Section 7. Comedy.
Even more remarkable than the tragedy of the Greeks, in its rendering of a didactic intention under the forms of a free and spontaneous art, is the older comedy known to us through the works of Aristophanes. As the former dealt with the general conceptions, religious and ethical, that underlay the Greek view of life, using as its medium of exposition the ancient national myths, so the latter dealt with the particular phases of contemporary life, employing the machinery of a free burlesque. The achievement of Aristophanes, in fact, is more astonishing, in a sense, than that of Aeschylus. Starting with what is always, prima facie, the prose of everyday life, its acrid controversies, its vulgar and tedious types, and even its particular individuals—for Aristophanes does not hesitate to introduce his contemporaries in person on the stage—he fits to this gross and heavy stuff the wings of imagination, scatters from it the clinging mists of banality and spite and speeds it forth through the lucid heaven of art amid peals of musical laughter and snatches of lyric song. For Aristophanes was a poet as well as a comedian, and his genius is displayed not only in the construction of his fantastic plots, not only in the inexhaustible profusion of his humane and genial wit, but in bursts of pure poetry as melodious and inspired as ever sprang from the lips of the lyrists of Greece or of the world. The basis of the comic as of the tragic art of the Greeks was song and dance; and the chorus, the original element of the play, still retains in the works of Aristophanes a place important enough to make it clear that in comedy, too, a prominent aspect of the art must have been the aesthetic appeal to the ear and the eye. In general structure, in fact, comedy and tragedy were alike; aesthetically the motives were similar, only they were set in a different key.

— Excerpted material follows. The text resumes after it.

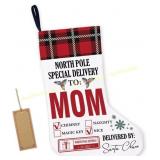 2ct LyoGao Mom Christmas Stocking, Special Deliver
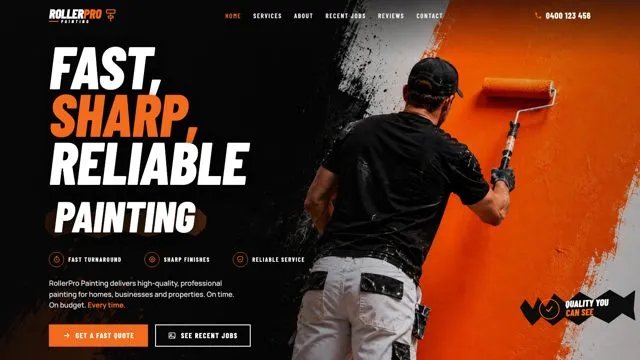 FAST, SHARP, RELIABLE PAINTING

But while primarily Aristophanes, like the tragedians, was a great artist, he was also, like them, a great interpreter of life. His dramas are satires as well as poems, and he was and expressed himself supremely conscious of having a "mission" to fulfil. "He has scorned from the first," he makes the chorus sing of himself in the "Peace":
"He has scorned from the first to descend and to dip
Peddling and meddling in private affairs:
To detect and collect every petty defect
Of husband and wife and domestical life;
But intrepid and bold, like Alcides of old,
When the rest stood aloof, put himself to the proof
In his country's behoof."
[Footnote: Aristoph. Peace, 751 seq.—Translated by Frere.]
His aim, in fact, was deliberately to instruct his countrymen in political and social issues; to attack the abuses of the Assembly, of the Law-courts and the home; to punish demagogues, charlatans, professional politicians; to laugh back into their senses "revolting" sons and wives; to defend the orthodox faith against philosophers and men of science. These are the themes that he embodies in his plots, and these the morals that he enforces when he speaks through the chorus in his own person. And the result is an art-product more strange to the modern mind in its union of poetry with prose, of aesthetic with didactic significance, than even that marvellous creation, the Greek tragedy. Of the character of this comedy the reader may form an idea through the admirable and easily accessible translations of Frere; [Footnote: In Morley's Universal Library.] and we are therefore dispensed from the obligation to attempt, as in the case of tragedy, an account of some particular specimen of the art.